If you're using Mercurial, you can run the command:

1 $ hg clone http://bitbucket.org/sst-ca/sstmacro -r default

The -r default only downloads the current development branch and can be omitted if you want to bring in the entire history. The download can take a very long time on some systems to generate the "deltas" in the revision history. You can save yourself a lot of waiting by only downloading the default revision. If you're behind a firewall, make sure the http proxy is set in your ~/.hgrc file:

 [http_proxy]
 host=path-to-proxy:prox-port 
 [https_proxy] 
 host=path-to-proxy:prox-port 

If you'd like to use ssh for convenience, you'll have to modify your clone slightly by adding the "hg" username:

1 $ hg clone ssh://hg@bitbucket.org/sst-ca/sstmacro

and also add your public key to your bitbucket user account. Also, SST/macro uses subrepos, so for using ssh you should add the following to your ~/.hgrc

 [subpaths]
 https://bitbucket.org/sst-ca/dumpi = \
         ssh://hg@bitbucket.org/sst-ca/dumpi
 https://bitbucket.org/sst-ca/sstmacro-pth = \
         ssh://hg@bitbucket.org/sst-ca/sstmacro-pth

so that the http requests are converted to ssh.

Dependencies

A C/C++ compiler is required. gcc 4.2 and onward is known to work.
(optional, recommended) Qt libraries and build system (qmake) are needed to build the GUI input configuration tool. Qt 5.0 and above are suggested, although 4.9 has been observed in the wild to work (Section Building the GUI).
(optional) Mercurial is needed in order to clone the source code repository, but you can also download a tar (Section Downloading).
(optional, recommended) Autoconf and related tools are needed unless you are using an unmodified release or snapshot tar archive.
- Autoconf: 2.64 or later should work and 2.68 is known to work
- Automake: 1.11 or later should work and 1.11.1 is known to work
- Libtool: 2.2.6 or later should work and 2.4 is known to work
(optional) Doxygen and Graphviz are needed to build the documentation.
(optional) Graphviz is needed to collect call graphs.
(optional) VTK is needed for advanced vis features.
(optional) Python with the argparse module installed is required to run UPC skeletons. Python 2.7 and on should have this.

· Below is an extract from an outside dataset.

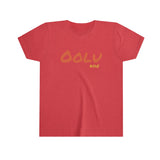 Oolu Kid'z Tee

Configuration and Building

For a list of known compatible systems, see in the PDF manual.

Once SST/macro is extracted to a directory, we recommend the following as a baseline configuration, including building outside the source tree:

 sstmacro$ ./bootstrap.sh
 sstmacro$ mkdir build
 sstmacro$ cd build
 sstmacro/build$ ../configure --prefix=/path-to-install 

A complete list of options can be seen by running `../configure –help'. Some common options:

–enable-graphviz : Enables the collection of simulated call graphs, which can be viewed with graphviz.
–with-qt=$QMAKE: Direct SST/macro to the qmake executable. If no value is specified, it just assumes qmake is in your $PATH (see Section Building the GUI).
–enable-custom-new : Memory is allocated in larger chunks in the simulator, which can speed up large simulations.
–enable-fortran : Enable support for running fortran skeletons.
–enable-mpiparallel: Enable parallel discrete event simulation in distributed memory over MPI. See Section Parallel Simulations.

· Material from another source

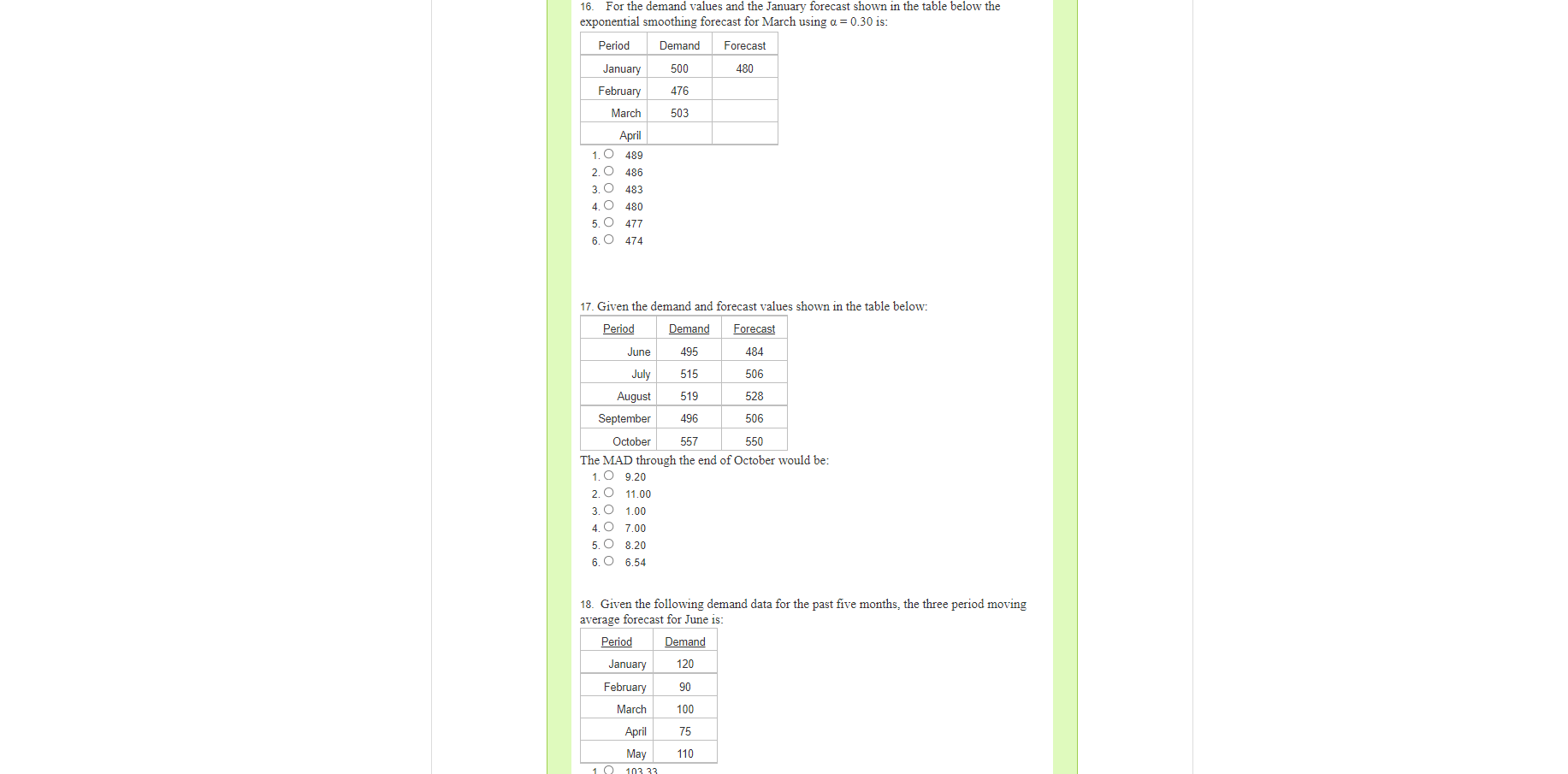 Please help deadline in 40 mins. 1 are web sites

Once configuration has completed, printing a summary of the things it found, simply type `make'. It is recommended to use the `-j' option for a parallel build with as many cores as you have (otherwise it will take quite a while).

Post-Build

If the build did not succeed, check Known Issues for known issues, or contact SST/macro support for help (sstma.nosp@m.cro-.nosp@m.suppo.nosp@m.rt@g.nosp@m.oogle.nosp@m.grou.nosp@m.ps.co.nosp@m.m).

If the build was successful, it is recommended to run the range of tests to make sure nothing went wrong. To do this, and also install SST/macro to the install path specified during installation, run the following commands:

 sstmacro/build$ make -j8 check
 sstmacro/build$ sudo make install
 sstmacro/build$ export PATH=$PATH:/path-to-install
 sstmacro/build$ make -j8 installcheck

Make check runs all the tests we use for development, which checks all functionality of the simulator. Make installcheck compiles some of the skeletons that come with SST/macro, linking against the installation.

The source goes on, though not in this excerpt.